“Where?” the stranger asked.
“Right yander—go through this gate,” tapping with his hand a piece of frame-work standing across the path.
The boys took the proffered pay, dropped it into their pockets, thrust their hands down to keep it from getting out, and plunged again into the depths of the weedy sea.
The traveler peered through the rain and fog into the yard, where the weeds had lost so much of their stature that he thought he must be nearing the shore. He picked up the gate leaning across the path, from panel to panel of the fence, and set it out of the way, remarking, “Everything about here is off its hinges—I’m nearly off myself.”
He approached the “hotel,” consisting mostly of “boxed” lean-to, and rested one foot upon the sill of the shed—by courtesy known as the “porch.” He paused; in the language of eastern railway danger signs, he thought he would “Stop, Look and Listen.” Silence and the clouds reigned. No sound but the patter of the drops on the roof. No light gleamed from the skimpy window, nor crept through the generous cracks in the wall.

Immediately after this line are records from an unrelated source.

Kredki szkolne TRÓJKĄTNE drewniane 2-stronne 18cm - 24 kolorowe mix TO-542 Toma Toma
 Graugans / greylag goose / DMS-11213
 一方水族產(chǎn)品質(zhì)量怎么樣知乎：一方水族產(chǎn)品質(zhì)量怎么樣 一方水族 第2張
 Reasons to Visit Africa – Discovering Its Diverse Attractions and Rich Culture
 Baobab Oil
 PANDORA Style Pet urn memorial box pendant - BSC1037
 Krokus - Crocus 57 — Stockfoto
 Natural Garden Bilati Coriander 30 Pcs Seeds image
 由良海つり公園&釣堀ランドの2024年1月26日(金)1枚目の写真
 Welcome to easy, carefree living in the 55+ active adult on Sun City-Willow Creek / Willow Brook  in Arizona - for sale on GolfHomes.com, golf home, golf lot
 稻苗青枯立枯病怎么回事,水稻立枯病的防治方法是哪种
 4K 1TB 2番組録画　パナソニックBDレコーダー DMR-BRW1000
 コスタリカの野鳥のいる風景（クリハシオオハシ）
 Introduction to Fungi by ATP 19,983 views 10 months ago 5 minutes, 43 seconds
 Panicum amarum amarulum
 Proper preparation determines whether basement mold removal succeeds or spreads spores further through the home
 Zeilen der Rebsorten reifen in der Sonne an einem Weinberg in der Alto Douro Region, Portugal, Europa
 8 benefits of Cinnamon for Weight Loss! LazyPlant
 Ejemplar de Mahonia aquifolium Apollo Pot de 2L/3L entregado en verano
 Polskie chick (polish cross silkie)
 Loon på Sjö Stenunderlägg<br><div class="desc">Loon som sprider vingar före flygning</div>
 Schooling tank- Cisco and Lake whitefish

He rapped at the door; no answer. He rapped again—louder; still no answer. There must be nobody at home in “the finest hotel.” So he hammered the rickety, raky, crazy shutter just because there wasn’t, till it shook, rattled and shivered, and the boards on the rear wall creaked and groaned in sympathy.
A cracked, rasping, whining voice from the inner depths called out, “Well!”
“Madam”—for that voice could belong to none but a crone—“I want to get to stay over night.”
“This is a purty time o’ night to be a-prowlin’ ’round, a-draggin’ uv honest, hard-workin’ folks out’n the bed ter wait on ye,” the landlady replied. The reprimand came mixed with the rattle of straw-ticks and the rustle of bedclothing.
“I am sorry,” the traveler answered, “but I came as early as I could. Really, I am neither the conductor, engineer, nor superintendent of that train. Don’t you keep hotel?”